De fait, cette demeure en béton aux allures de forteresse, accessible par un petit sentier, ne cesse de se détériorer: trous béants aux trois étages, balcon et escalier effondrés, aucune trace du mobilier de l'époque...
Les murs sont couverts de tags, de représentations de personnages de manga. Parmi les gravats, des bouteilles d'alcool, des déchets alimentaires ou un canapé décrépi montrent que le manoir est le théâtre de fêtes clandestines.
"C'est une propriété privée mais tout le monde y va", soupire le maître des lieux, Bruno Chiumento, 69 ans, qui dit avoir maintes fois installé des panneaux pour le signaler.
- "Villa Sapène" -
Ce promoteur immobilier résidant dans la Vallée de Chevreuse (Yvelines) explique à l'AFP être devenu propriétaire du "Bordel allemand" entre "2008 et 2010" après en avoir entendu parler "complètement par hasard" et racheté les parts auprès d'un associé aujourd'hui décédé.
"Le terrain est grand - une parcelle de 17 hectares. Pourquoi ne pas essayer de monter un projet immobilier? On verra quand ça pourra se faire", explique-t-il.

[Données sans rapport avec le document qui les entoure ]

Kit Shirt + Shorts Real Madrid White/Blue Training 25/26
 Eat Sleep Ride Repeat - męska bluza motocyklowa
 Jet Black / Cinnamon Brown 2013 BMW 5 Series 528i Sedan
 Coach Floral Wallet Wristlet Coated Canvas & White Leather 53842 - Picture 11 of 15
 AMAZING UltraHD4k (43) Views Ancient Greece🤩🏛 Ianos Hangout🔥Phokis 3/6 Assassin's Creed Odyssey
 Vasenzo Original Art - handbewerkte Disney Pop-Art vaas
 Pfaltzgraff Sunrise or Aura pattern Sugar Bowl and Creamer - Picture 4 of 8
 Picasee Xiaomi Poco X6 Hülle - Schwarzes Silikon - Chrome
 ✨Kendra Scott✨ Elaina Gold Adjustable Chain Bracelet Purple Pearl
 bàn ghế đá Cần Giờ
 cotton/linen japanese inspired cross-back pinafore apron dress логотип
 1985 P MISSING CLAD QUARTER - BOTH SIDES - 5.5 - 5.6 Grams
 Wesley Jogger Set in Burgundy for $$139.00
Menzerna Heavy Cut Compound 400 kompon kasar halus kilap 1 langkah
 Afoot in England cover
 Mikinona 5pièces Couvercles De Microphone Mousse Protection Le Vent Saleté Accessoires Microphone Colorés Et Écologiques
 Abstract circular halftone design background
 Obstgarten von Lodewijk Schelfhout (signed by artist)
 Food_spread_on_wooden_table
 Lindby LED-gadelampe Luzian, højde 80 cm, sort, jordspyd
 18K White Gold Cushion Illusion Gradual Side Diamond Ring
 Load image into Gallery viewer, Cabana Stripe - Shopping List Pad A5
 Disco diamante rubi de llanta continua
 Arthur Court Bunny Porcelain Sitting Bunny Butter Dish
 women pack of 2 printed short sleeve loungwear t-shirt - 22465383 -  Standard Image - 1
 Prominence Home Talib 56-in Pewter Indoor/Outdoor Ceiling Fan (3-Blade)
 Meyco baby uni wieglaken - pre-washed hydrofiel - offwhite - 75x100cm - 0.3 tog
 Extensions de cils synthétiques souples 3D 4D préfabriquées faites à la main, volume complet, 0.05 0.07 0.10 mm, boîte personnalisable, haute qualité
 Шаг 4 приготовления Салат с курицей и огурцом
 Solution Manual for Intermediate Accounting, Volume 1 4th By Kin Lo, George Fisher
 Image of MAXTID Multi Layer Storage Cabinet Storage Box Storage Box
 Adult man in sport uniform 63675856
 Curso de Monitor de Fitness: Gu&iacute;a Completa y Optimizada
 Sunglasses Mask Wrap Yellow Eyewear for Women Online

M. Chiumento se montre confiant: avant d'être propriétaire, le terrain aurait été parmi les favoris d'un concours organisé début 2000 par la Fédération française de rugby (FFR) pour y construire l'actuel Centre national de rugby de Linas-Marcoussis, doté de 20 hectares. Contactée par l'AFP, la FFR n'a pas confirmé ses dires.
Les années passent et Bruno Chiumento ne parvient pas à transformer l'essai.
Le site est progressivement classé zone PPRI (plan de prévention des risques d'inondation). Sa localisation près de la Seine laisse "2 hectares et demi, voire juste un peu plus", exploitables.
Pour le maire du Mesnil-Le-Roi (DVD), Serge Caseris, cela aurait dû inciter Bruno Chiumento à sceller le sort du "Bordel allemand": "ou bien le propriétaire clôt son terrain pour éviter la fréquentation et des accidents, ou bien il détruit".
L'élu ne se voit pas dépenser "des centaines de milliers d'euros" pour acquérir ce qui était à l'origine la "Villa Sapène", construite peu avant 1920 par Jean Sapène, directeur du Petit Journal.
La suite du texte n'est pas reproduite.